Kostenrahmen realistisch denken
Renovierung lohnt, wenn das Holztragwerk intakt ist. Sobald Flügel neu gebaut oder Glas flächig getauscht werden muss, nähern sich die Kosten schnell einem Fenstertausch – plus bessere Dämmwerte und Dichtheit.

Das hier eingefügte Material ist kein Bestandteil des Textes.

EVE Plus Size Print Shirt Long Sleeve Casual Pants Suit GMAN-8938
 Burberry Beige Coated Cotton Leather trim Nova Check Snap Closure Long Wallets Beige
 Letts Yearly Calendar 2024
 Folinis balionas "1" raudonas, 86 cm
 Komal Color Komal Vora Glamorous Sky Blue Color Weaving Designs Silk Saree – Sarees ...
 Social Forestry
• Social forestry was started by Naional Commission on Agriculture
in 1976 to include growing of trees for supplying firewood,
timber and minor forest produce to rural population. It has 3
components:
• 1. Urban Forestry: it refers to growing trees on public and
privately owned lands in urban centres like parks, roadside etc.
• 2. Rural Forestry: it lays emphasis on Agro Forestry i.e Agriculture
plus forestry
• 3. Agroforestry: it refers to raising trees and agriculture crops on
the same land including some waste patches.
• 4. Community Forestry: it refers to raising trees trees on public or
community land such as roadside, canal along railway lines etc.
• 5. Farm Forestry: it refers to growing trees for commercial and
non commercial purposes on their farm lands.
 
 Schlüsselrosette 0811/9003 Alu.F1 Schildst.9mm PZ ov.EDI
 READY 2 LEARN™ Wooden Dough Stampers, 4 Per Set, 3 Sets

Praxis: typische Sanierungsfehler
Ein häufiger Fehler ist das Überstreichen feuchter Untergründe. Feuchte im Holz wird eingeschlossen, die Farbe blättert erneut und Fäulnis wandert weiter. Messen Sie kritische Stellen, lassen Sie Holz trocknen und ersetzen Sie stark geschädigte Partien durch fachgerechte Holzausbesserungen.
Ein zweiter Klassiker: neue Dichtungen bei unverändert falscher Beschlagsjustage. Ohne ausreichende Anpressung bleibt Zugluft – unabhängig vom Dichtungsmaterial. Stellen Sie Schließzapfen ein und prüfen Sie die Dichtheit mit einem einfachen Papier-/Lichttest an mehreren Punkten.
Wenn Glasfalz und Anstrich erneuert werden, aber die Anschlussfuge zur Wand offen bleibt, wandert Feuchte in die Laibung. Renovierung endet nicht am Flügelrahmen.
- Feuchte messen vor dem Anstrich
- Beschläge vor Dichtungswechsel justieren
- Anschlussfuge zur Wand mitprüfen
- Kosten Tausch vs. Sanierung schriftlich vergleichen
Häufige Fragen
Kann ich Isolierglas nachträglich einbauen?
Nur wenn Falz, Glasdicke und Gewicht passen – sonst Flügel- oder Fenstertausch.
Wie oft Anstrich?
Je nach System und Wetterseite regelmäßig kontrollieren; Lasuren brauchen früher Nacharbeit.
Was ist mit der Fuge zur Wand?
Die Anschlussausbildung entscheidet über Zugluft und Feuchte – nicht nur der Anstrich.